How large is your database (Database Optimization)?

Petrica · July 1, 2020, 8:54pm

Hi,

Is there any way to delay HA until MariaDB addon starts (0.112 updated today, no issues before)?

Connecting to the same machine MariaDB addon results in logbook (and all related services) failure. However, with same settings on a different ~~Hassio~~ machine everything works fine.

LE1: 0.112 failed to upgrade the database. After troubleshooting, it seems that having logbook_cache active at the time of upgrade, combined with large volume of records completely botched the structure of the database and I had to start from scratch with a new MariaDB addon instance.

LE2: for about 12 hours I used MariaDB on a different machine before starting from scratch. This is the impact on the machine (Intel NUC with Celeron J4005 and 8 GB of RAM); although it is quite early for a complete picture it seems that 0.112 is taxing a little bit more on the RAM (logbook loads almost immediately, history takes 4-6 seconds, database grows by ~40MB each hour):

0.111.4 (550 entities monitored; MariaDB addon on same machine with HA; logbook_cache used): CPU used: 18-20%; 15m load: 0.22-0.25; memory used: 20-22%

0.112 (all 2,000 entities monitored; MariaDB addon on different machine; no logbook_cache): CPU used: 8-11%; 15m load: 0.11-0.14; memory used: 12-14%

0.112 (all 2,000 entities monitored; MariaDB addon on same machine with HA; no logbook_cache): CPU used: 16-20%; 15m load: 0.18-0.22; memory used: 25-30%

LE3: the second instance above might not be fully comparable as it was over a period of 12 hours, most of it during the night, thus the events recorded were significantly fewer. Overall, last updates to HA brought huge performance improvements as startup time decreased from 180-200 seconds (pre 0.110) to 16-20 seconds for frontend to come up and ~50 seconds for all the components to load (probably can decrease even further by cleaning up some of the components I hardly ever use).
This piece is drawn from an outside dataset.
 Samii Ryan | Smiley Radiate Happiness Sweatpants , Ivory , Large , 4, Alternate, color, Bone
AaronCake · July 2, 2020, 2:54pm

Typically this would be handled with multiple tables.

For example, a tblAttributes table which contains columns of primary key and “Attributes”.

That table would contain all the possibly entity attributes. It would up up the database abstractor to handle additions of attributes if it is called to write or read one that doesn’t already exist.
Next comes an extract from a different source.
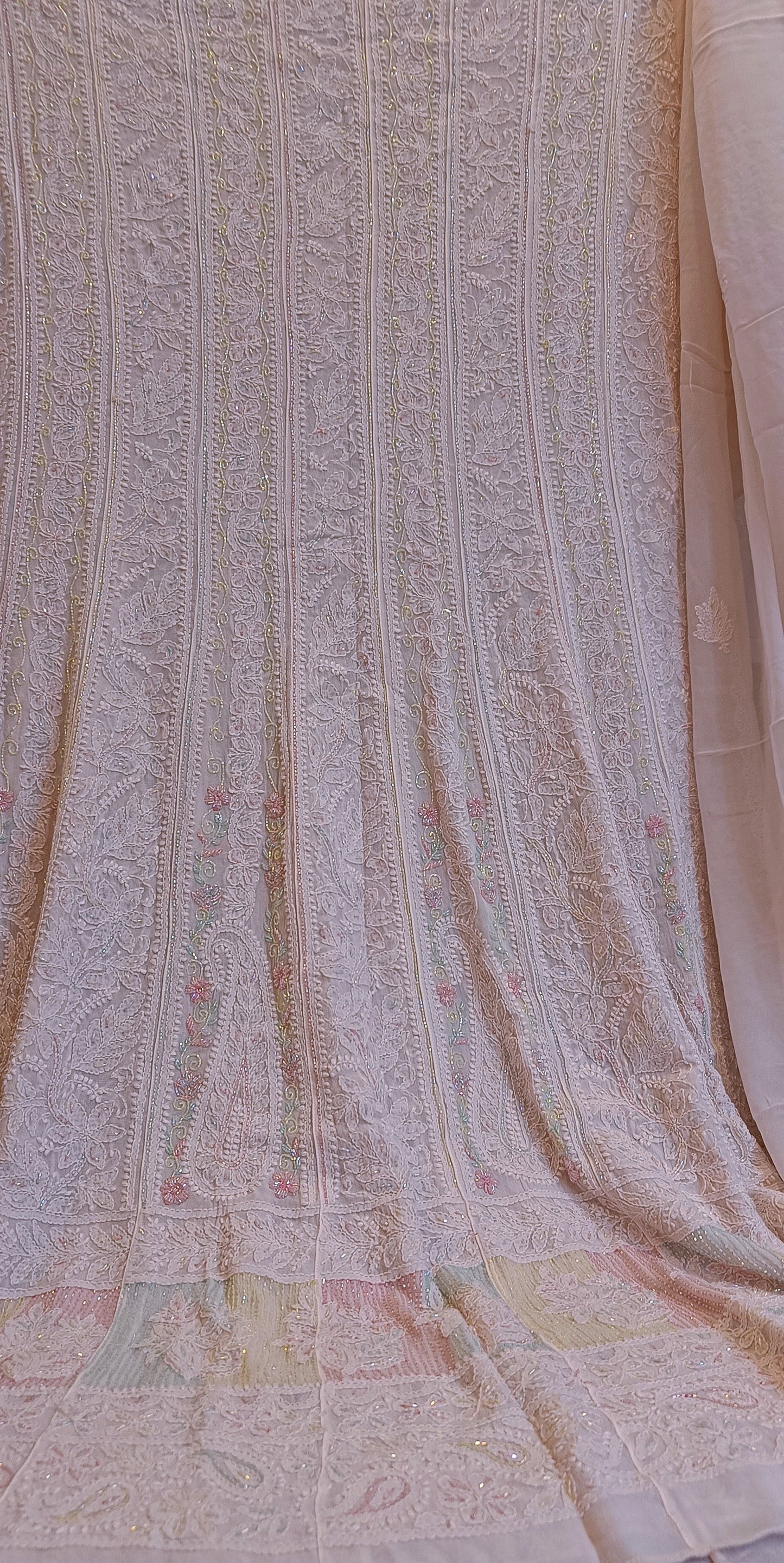 Nude Pink Chikankari and Cut Dana Embroidered Anarkali with Dupatta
The second table, tblValues, has columns of primary key, attribute key, event key and the actual values. Likely distill all values to either string (varchar?) and numeric (float, long int, whatever is best) and have a column for each value type. The abstractor will determine which column to write/read based on the data type. The attribute key links to the matching column in tblAttributes,

Then the Events table links each row with tblValue columns having the same event key. tblValue links each row with its corresponding attribute key.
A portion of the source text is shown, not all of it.